Rogue smiled up at him, then. She said gently, "I'll be all right if you'll be all right. Do we have a deal?"
Scott swallowed. "Deal," he said, and he stepped back from the car.
______________
Rogue's visit served only to re-energize Scott's homesickness. Two weeks later he was almost sorry she had ever found him. He felt nearly overwhelmed by the need to turn back the clock, to take back his old life, to go home. He no longer dared walk anywhere near Grand Central Station and the Metro-North trains to Westchester.
He daydreamed in class. He couldn't focus on his assignments. He sat at a cafeteria table in the student union and stared at the napkin with Erik Lensherr's hotmail address. He sat at the Starbuck's cafe and studied maps of Nevada and Colorado and Alaska instead of his textbooks.

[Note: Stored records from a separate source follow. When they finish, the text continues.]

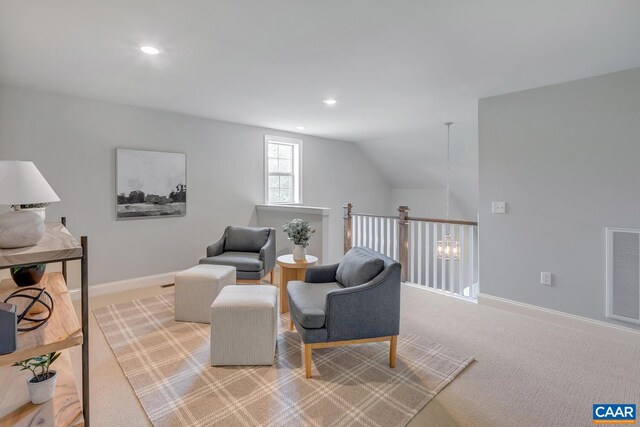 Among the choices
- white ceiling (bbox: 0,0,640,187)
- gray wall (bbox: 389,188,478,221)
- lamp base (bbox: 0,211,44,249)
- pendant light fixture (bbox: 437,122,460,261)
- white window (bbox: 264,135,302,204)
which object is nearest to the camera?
lamp base (bbox: 0,211,44,249)

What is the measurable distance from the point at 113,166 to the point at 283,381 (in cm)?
341

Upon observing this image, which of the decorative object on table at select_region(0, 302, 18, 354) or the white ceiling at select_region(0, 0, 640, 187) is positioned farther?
the white ceiling at select_region(0, 0, 640, 187)

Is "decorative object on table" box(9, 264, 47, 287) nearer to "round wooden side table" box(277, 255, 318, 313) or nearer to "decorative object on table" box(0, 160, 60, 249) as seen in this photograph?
"decorative object on table" box(0, 160, 60, 249)

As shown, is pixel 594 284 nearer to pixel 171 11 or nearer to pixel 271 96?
pixel 271 96

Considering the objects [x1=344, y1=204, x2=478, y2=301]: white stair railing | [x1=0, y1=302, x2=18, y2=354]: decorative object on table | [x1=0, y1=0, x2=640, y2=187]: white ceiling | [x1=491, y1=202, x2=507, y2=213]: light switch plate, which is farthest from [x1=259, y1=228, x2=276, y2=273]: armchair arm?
[x1=0, y1=302, x2=18, y2=354]: decorative object on table

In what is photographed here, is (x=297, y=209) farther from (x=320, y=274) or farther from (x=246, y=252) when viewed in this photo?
(x=320, y=274)

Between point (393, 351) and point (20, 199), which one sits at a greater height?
point (20, 199)

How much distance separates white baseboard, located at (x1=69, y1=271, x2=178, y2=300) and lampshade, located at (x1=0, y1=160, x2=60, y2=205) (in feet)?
9.78

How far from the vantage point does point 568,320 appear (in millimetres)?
3289

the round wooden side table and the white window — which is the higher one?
the white window

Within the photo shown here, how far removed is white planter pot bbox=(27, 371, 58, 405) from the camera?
1.19 metres

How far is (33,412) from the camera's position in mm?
1152

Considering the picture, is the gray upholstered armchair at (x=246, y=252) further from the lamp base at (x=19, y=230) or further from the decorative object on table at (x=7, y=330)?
the decorative object on table at (x=7, y=330)

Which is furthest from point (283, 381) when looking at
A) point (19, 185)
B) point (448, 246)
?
point (448, 246) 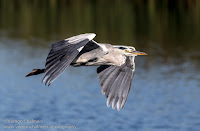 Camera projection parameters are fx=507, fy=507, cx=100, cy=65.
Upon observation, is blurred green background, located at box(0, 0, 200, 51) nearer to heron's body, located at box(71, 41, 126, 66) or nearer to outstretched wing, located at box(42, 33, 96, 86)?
heron's body, located at box(71, 41, 126, 66)

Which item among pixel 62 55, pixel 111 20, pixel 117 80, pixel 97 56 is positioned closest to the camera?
pixel 62 55

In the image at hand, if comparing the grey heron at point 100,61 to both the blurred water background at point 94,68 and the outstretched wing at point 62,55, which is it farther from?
the blurred water background at point 94,68

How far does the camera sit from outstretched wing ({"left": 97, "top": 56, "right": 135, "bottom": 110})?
282 inches

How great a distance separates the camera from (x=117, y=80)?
7.29 metres

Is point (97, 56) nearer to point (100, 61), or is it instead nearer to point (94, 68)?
point (100, 61)

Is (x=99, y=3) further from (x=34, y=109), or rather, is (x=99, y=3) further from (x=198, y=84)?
(x=34, y=109)

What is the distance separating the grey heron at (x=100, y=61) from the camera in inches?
235

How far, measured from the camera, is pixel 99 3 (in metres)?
28.6

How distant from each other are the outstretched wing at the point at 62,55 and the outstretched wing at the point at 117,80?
1144 millimetres

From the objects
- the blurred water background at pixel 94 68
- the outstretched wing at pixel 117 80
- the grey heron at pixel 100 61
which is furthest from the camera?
the blurred water background at pixel 94 68

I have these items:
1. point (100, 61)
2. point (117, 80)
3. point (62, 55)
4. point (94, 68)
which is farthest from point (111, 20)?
point (62, 55)

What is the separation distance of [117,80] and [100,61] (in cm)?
60

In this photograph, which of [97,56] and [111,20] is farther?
[111,20]

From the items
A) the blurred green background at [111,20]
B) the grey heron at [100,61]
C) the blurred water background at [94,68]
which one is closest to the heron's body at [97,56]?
the grey heron at [100,61] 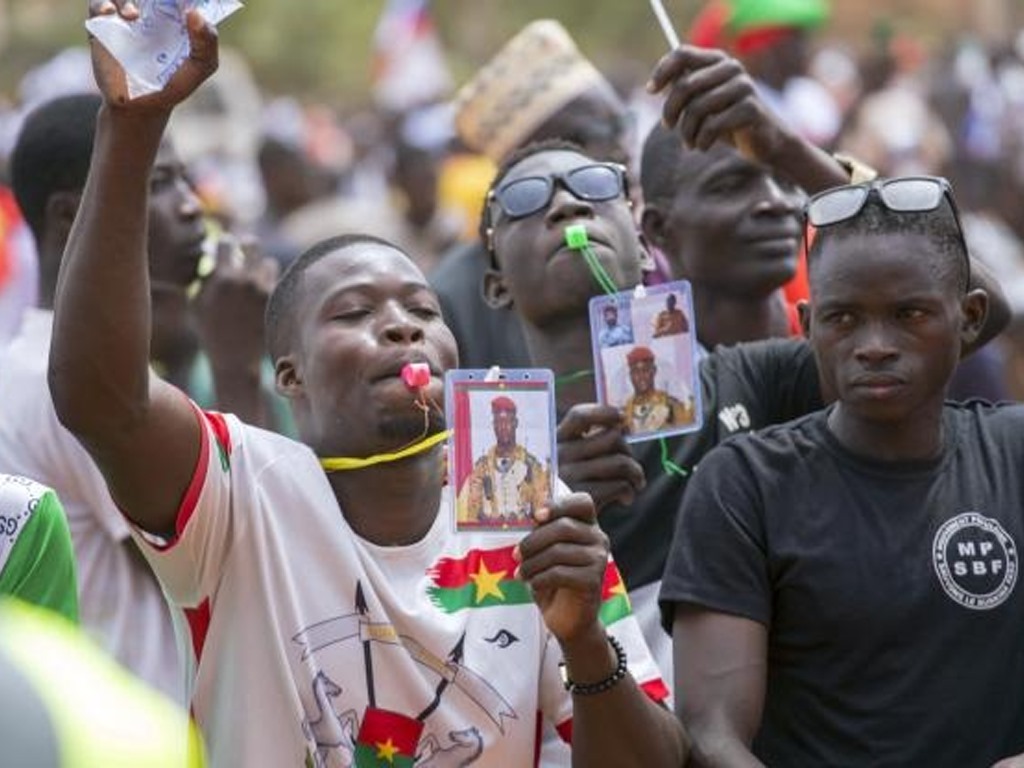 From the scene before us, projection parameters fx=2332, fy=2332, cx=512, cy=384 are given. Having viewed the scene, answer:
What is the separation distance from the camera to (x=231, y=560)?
3943mm

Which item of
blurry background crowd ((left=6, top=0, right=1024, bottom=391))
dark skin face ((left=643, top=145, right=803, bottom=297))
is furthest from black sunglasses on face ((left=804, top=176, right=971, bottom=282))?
blurry background crowd ((left=6, top=0, right=1024, bottom=391))

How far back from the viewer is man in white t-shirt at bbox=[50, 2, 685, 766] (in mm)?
3564

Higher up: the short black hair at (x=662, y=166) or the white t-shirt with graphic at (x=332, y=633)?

Scott wasn't sure where he wanted to go but he knew he couldn't go on living in limbo.
He bought the map of Colorado and stuck it into his backpack and trudged southeast across Greenwich Village to Alphabet City. Despite the cold and the dark the sidewalks were crowded, because not everyone was a loser who had nowhere to go on a Friday night but a bookstore. Scott thought about stopping to see a movie. He thought about dropping in at the student union. Getting a life seemed like too much work. He kept walking. He walked down 7th Street and turned the corner onto Avenue A. He stopped.
The Institute's Land Rover was parked in front of the tenement. Leaning against the Land Rover was Logan. He had on a heavy sheepskin jacket and a cowboy hat tugged down over his forehead. He was smoking one of his foul cigars. Scott wondered how long Logan had been waiting for him. Mostly he wondered what could be so urgent that Logan would drive down to the city to see him.

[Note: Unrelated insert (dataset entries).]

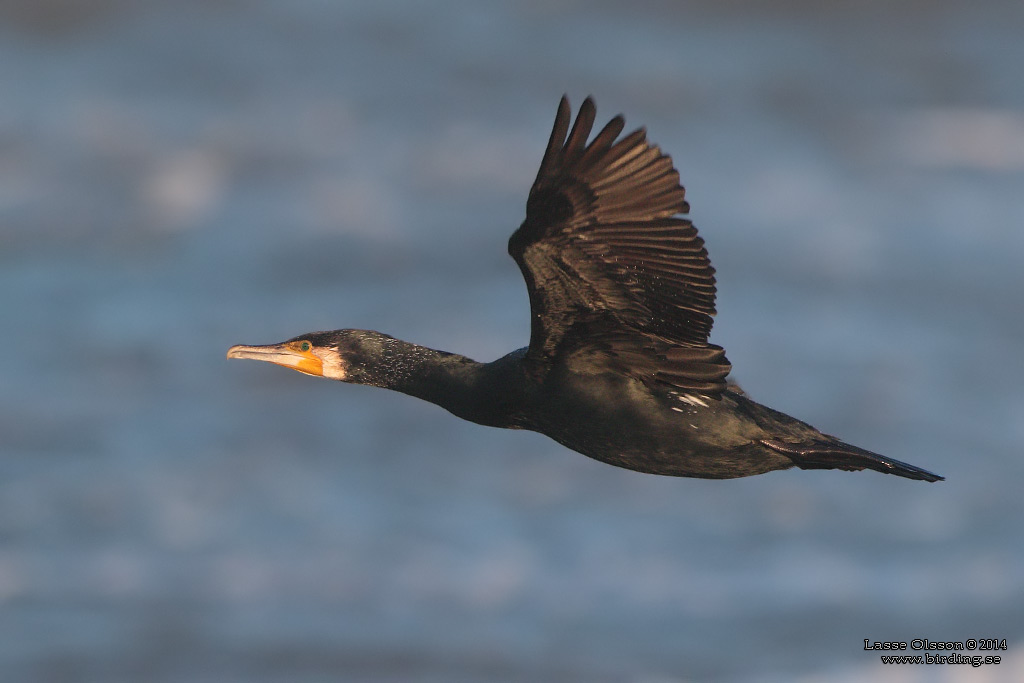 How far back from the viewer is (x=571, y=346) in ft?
31.1

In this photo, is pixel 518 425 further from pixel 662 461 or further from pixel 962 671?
pixel 962 671

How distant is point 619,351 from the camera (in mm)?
9438

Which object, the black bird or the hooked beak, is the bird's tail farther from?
the hooked beak

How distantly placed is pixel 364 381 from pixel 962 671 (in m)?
13.7

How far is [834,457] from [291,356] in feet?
10.7

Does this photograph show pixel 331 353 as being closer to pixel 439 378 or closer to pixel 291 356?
pixel 291 356

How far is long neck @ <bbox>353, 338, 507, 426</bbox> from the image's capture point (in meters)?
9.96

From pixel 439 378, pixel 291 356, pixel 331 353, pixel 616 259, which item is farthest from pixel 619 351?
pixel 291 356

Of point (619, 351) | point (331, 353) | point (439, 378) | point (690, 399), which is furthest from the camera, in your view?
point (331, 353)

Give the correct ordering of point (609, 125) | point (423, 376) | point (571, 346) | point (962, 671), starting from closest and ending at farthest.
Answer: point (609, 125), point (571, 346), point (423, 376), point (962, 671)

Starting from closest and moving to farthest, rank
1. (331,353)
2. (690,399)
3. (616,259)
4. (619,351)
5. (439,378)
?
1. (616,259)
2. (619,351)
3. (690,399)
4. (439,378)
5. (331,353)

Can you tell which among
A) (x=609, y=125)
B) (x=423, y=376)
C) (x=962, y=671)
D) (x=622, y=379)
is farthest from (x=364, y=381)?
(x=962, y=671)

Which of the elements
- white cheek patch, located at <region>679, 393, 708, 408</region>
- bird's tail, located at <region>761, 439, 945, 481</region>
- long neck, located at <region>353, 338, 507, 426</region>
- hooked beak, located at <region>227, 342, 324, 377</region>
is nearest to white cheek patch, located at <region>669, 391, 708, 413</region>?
white cheek patch, located at <region>679, 393, 708, 408</region>

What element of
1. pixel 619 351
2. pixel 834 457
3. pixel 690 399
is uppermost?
pixel 619 351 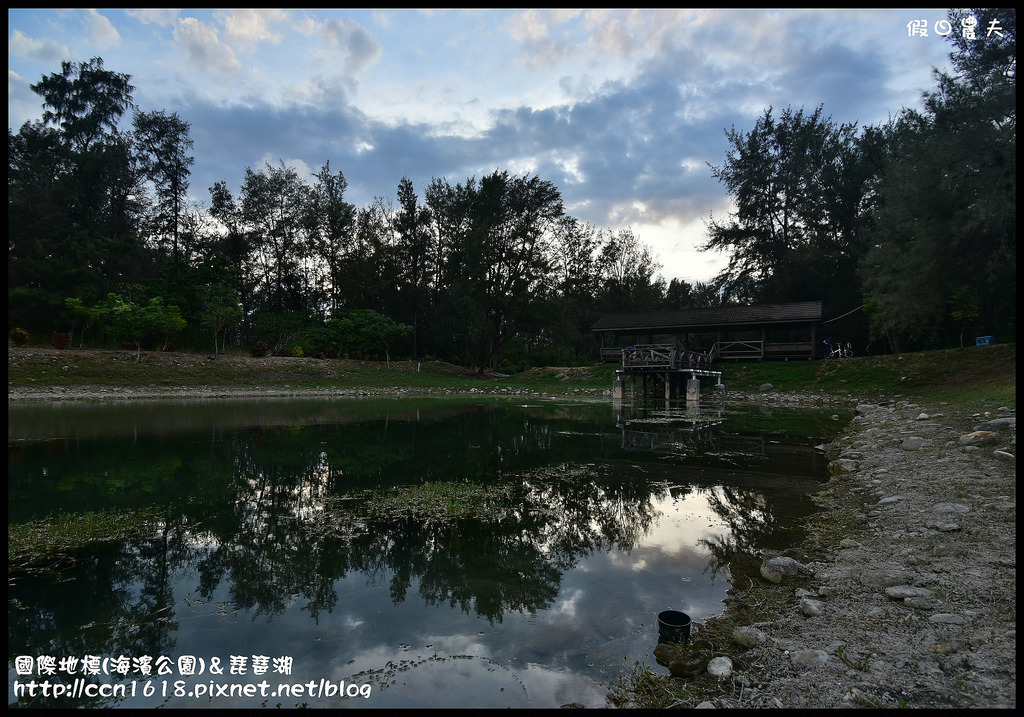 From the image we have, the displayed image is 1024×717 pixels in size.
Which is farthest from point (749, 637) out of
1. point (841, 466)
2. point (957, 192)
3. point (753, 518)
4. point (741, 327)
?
point (741, 327)

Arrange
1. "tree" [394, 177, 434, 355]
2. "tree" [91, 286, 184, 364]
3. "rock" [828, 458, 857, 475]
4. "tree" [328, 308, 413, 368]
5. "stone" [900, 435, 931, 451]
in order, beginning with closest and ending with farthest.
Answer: "rock" [828, 458, 857, 475] < "stone" [900, 435, 931, 451] < "tree" [91, 286, 184, 364] < "tree" [328, 308, 413, 368] < "tree" [394, 177, 434, 355]

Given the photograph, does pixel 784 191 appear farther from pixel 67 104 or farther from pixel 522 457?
pixel 67 104

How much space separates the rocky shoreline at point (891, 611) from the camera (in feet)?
9.69

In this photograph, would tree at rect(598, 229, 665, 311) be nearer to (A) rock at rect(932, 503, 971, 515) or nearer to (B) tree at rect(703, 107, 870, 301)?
(B) tree at rect(703, 107, 870, 301)

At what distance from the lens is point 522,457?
40.3ft

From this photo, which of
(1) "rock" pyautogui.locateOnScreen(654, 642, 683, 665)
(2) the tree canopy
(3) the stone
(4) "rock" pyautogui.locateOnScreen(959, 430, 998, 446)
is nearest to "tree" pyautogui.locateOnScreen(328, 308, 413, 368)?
(2) the tree canopy

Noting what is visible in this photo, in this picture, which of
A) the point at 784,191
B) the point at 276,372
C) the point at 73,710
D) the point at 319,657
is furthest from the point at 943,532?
the point at 784,191

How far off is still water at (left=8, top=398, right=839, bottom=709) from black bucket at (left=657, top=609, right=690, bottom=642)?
0.18 metres

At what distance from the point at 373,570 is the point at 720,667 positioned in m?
3.60

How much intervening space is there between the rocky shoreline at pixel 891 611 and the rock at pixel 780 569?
1 centimetres

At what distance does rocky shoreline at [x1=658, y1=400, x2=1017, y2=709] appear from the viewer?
2.95 metres

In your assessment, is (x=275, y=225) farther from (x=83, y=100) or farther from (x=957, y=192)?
(x=957, y=192)

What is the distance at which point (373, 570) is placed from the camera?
214 inches

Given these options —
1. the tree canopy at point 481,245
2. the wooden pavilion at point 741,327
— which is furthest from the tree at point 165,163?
the wooden pavilion at point 741,327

He said, "Logan," in a conversational voice. Scott knew he didn't need to yell. Logan had the hearing of a dog. He said, "Logan," and Logan raised his head and stared steadily at him as he ran up Avenue A.

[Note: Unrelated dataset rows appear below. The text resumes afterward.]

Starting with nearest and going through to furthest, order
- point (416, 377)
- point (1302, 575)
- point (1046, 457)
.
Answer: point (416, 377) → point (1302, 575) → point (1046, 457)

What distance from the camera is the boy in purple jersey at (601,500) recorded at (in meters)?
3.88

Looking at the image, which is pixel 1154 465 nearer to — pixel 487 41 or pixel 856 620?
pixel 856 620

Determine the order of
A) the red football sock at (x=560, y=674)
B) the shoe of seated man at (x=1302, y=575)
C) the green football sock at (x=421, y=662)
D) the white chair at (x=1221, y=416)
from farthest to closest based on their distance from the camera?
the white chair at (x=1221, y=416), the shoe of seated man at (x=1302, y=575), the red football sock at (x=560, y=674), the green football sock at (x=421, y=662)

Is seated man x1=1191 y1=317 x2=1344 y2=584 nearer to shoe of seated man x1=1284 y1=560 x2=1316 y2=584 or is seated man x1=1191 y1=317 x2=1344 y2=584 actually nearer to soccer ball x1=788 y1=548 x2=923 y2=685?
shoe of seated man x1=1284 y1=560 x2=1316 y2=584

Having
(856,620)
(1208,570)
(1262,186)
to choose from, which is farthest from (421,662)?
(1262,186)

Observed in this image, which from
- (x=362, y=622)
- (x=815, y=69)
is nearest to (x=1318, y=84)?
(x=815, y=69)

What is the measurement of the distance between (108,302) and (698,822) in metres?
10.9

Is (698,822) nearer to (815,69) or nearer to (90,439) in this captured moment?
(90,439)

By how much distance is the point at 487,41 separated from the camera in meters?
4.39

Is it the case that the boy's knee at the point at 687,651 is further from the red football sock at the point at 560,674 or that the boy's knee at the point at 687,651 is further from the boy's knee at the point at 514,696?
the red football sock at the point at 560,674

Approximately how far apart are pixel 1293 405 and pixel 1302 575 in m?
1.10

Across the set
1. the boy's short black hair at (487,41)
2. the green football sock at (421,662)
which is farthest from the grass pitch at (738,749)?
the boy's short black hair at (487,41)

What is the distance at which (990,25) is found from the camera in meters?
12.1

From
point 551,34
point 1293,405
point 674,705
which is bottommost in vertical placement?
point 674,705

Scott skidded to a halt on the sidewalk between the tenement and the Land Rover and he said the first thing that came to his mind. "Is Bobby okay?"
"Fine," Logan said around the cigar stump. He took it out of his mouth and dropped it in the gutter.
"Oh," Scott said. He caught his breath and another, terrible thought came to him. He said, "Is Charles okay?"
Logan shrugged. "Good enough."
"Everyone's okay?"
"Yup."
"Oh," Scott said again. Feeling relieved but perplexed, he stared at Logan. "So what are you doing here?"
Logan pushed the cowboy hat back on his head. "You don't believe in answering your phone, do you."
"Don't have a phone in my apartment."
"I mean your cell phone." Logan reached inside his jacket and pulled out his team communicator.
"I left it in my locker on the sub-levels. With my visors."
"You mean the damn thing's been ringing in your locker all this time?"
"Well, I didn't think anyone would be paging Cyclops."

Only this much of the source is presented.